Le feuilleton opposant les médias français et le gouvernement est loin d’être terminé. Alors que l’affaire de l’émission de la chaîne France 24 est encore dans les mémoires, deux journalistes français de l’agence Premières lignes ont été arrêtés ce dimanche 15 février au siège de l’Association marocaine des droits de l’Homme à Rabat puis expulsés. Des policiers sont arrivés dans les locaux de l’association, ils « ont arrêté les deux journalistes et saisi leur matériel », a déclaré à l’AFP un responsable de l’AMDH, Youssef Rissouni.
Expulsés du territoire, « faute d’autorisation »
Les journalistes en question étaient en train de filmer un documentaire portant sur le mouvement du 20-Février, selon le président de l’AMDH, Ahmad El Haij, contacté par Telquel.ma. Mais Paul Moreira, patron et fondateur de Premières Lignes, a indiqué dans un communiqué que les deux journalistes de l’agence, Jean-Louis Perez et Pierre Chautard, réalisaient un documentaire pour France 3 sur l’économie au Maroc.
Quoi qu’il en soit, le tournage n’était pas du goût de la wilaya de Rabat qui, dans un communiqué publié dimanche et relayé par la MAP, assure que les intéressés se livraient à des « agissements suspects et illégaux en violation de la règlementation en vigueur en matière de reportage de presse ».
Le ministère de la Communication a donné plus d’explications dans un autre communiqué :
Aucun de ses services n’a accordé d’autorisation de tournage à une chaîne française pour la réalisation d’un reportage. Les autorités de la wilaya, après avoir été informées des agissements suspects et illégaux des intéressés, en violation de la règlementation en vigueur en matière de reportage de presse, ont essayé à maintes reprises d’engager un dialogue avec eux (les journalistes, ndlr) à leur résidence à l’hôtel, ainsi que sur la voie publique pour les avertir de la nécessité de disposer d’une autorisation préalable des institutions compétentes.
Selon les déclarations de Paul Moreira à l’AFP, les journalistes avaient demandé depuis plusieurs semaines une autorisation à Rabat sans avoir de réponse, ce qui leur avait fait croire qu’ils pouvaient travailler dans la légalité.

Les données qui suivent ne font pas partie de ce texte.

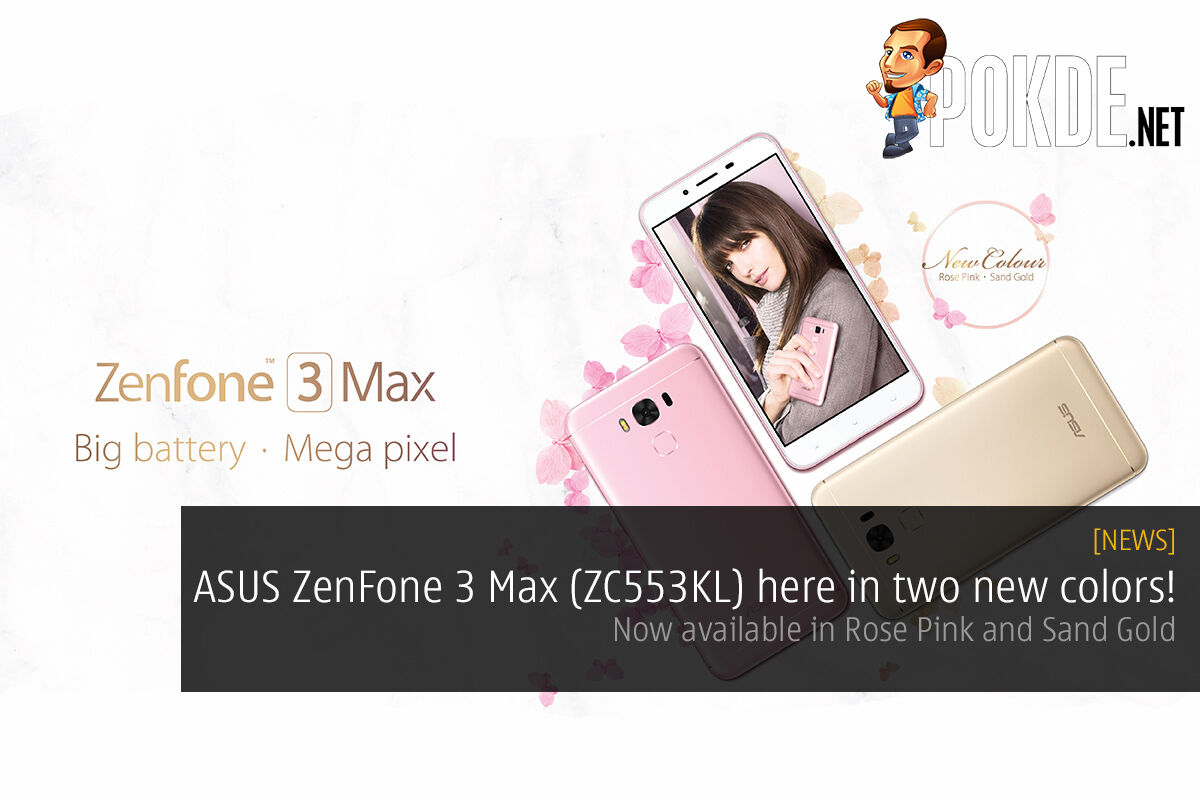 ASUS ZenFone 3 Max (ZC553KL) to come in two new colors! 24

Une militante agressée lors de l’intervention policière
Du côté de l’AMDH, la réaction n’a pas tardé, notamment avec la publication d’un communiqué qui contredit la version des officiels. Tout d’abord, on y apprend que ce sont plus de 40 policiers en civil qui ont investi les locaux de l’association. Ensuite, le comportement des autorités n’aurait pas été des plus respectueux : les policiers auraient proféré des insultes, des menaces mais auraient aussi agressé une des militantes de l’AMDH, Rabia Bouzidi. Ils ont par la suite procédé à des fouilles au sein des locaux de l’association, « alors même qu’aucun texte ne leur permettait de le faire », indique le communiqué.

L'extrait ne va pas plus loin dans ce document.